The Bengaluru-based startup, founded in 2023 by Kumar and Vivek Raghavan, announced a $234 million raise as the first close of a planned $300 million Series B round, valuing the company at $1.5 billion. The round was led by HCLTech, which committed $150 million for a 10.46 percent stake, with Bessemer Venture Partners, Khosla Ventures, and Peak XV Partners also participating. The raise marks a sharp jump from Sarvam’s previous valuation of roughly $196 million just a year prior.

What separates Sarvam from most of the AI companies making headlines right now is what it is actually building. Most AI businesses take existing foundation models from OpenAI, Anthropic, or Google and build applications on top of them. Sarvam is doing something considerably more difficult. It is building its own models, running the infrastructure needed to power them, and creating products for enterprises and governments, all under one roof. The company describes itself as India’s full-stack sovereign AI startup, and that is significant. 

The company’s government pipeline tells part of the story. In April 2025, it was selected by the Indian government to build the country’s first sovereign Large Language Model under the IndiaAI Mission. In February 2026, it signed sovereign AI infrastructure MoUs with Tamil Nadu and Odisha.

At the India AI Impact Summit the same month, it unveiled two models trained entirely from scratch on Indian-language datasets, a 30-billion-parameter model and a 105-billion-parameter model, responding directly to earlier criticism that its development had been too reliant on adapting foreign models.

The timing of the funding round was not incidental. Sarvam’s unicorn status arrives at a moment when the case for sovereign AI has shifted from a policy preference to something closer to a national imperative. Global AI access is no longer guaranteed. Geopolitical pressure is reshaping who can use what, and countries that have not built their own AI stack are discovering the limits of dependence.

The numbers behind India’s AI opportunity only sharpen the argument.
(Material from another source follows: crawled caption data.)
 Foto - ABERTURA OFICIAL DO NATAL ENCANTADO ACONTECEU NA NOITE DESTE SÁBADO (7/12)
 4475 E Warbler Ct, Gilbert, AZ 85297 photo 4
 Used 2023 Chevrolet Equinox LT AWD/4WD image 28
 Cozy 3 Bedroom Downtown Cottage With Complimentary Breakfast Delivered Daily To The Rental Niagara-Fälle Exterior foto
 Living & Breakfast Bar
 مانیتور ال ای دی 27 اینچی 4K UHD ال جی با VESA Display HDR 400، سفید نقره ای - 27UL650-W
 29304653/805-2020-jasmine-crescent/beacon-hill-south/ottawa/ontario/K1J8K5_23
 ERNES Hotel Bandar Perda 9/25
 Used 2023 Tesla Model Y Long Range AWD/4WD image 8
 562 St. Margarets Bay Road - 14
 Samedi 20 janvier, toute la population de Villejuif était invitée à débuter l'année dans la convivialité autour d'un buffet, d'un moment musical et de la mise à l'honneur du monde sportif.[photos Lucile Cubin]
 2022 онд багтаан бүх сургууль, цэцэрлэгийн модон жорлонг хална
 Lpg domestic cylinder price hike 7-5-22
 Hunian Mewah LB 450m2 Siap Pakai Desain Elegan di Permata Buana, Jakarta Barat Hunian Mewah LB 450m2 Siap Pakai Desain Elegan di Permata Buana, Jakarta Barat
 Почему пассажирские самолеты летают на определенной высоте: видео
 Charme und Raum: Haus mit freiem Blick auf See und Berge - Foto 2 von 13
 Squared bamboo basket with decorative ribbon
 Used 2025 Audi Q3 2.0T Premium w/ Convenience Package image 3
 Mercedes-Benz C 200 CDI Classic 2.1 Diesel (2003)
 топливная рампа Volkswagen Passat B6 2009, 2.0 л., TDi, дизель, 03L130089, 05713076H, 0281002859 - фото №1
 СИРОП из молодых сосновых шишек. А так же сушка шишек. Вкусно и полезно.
The country’s AI spending is expected to grow from around $7 to 8 billion in FY23 to $20 to 22 billion by FY27, making it one of the fastest-growing AI markets in the world. Sarvam’s conversational platform now handles more than 2 million interactions daily, a figure that doubled in two months. Its inference platform processes 10 million API calls per day, tripling in three months.

HCLTech’s decision to anchor the round with $150 million is itself a statement. The company’s CEO, C Vijayakumar, described the investment as a step toward building India’s trusted and globally competitive AI ecosystem. Bessemer’s Pankaj Mitra went further, arguing that India’s AI ambitions require not just indigenous foundation models, but a complete sovereign stack covering infrastructure, data, and applications.

That stack is precisely what Sarvam is trying to build. Whether it gets there will depend on execution, on the pace of model development, on enterprise adoption, and on whether India’s government commitments translate into scale. But the unicorn status is not just a valuation milestone. It is a signal that the market, and the money, believes the country needs someone to try.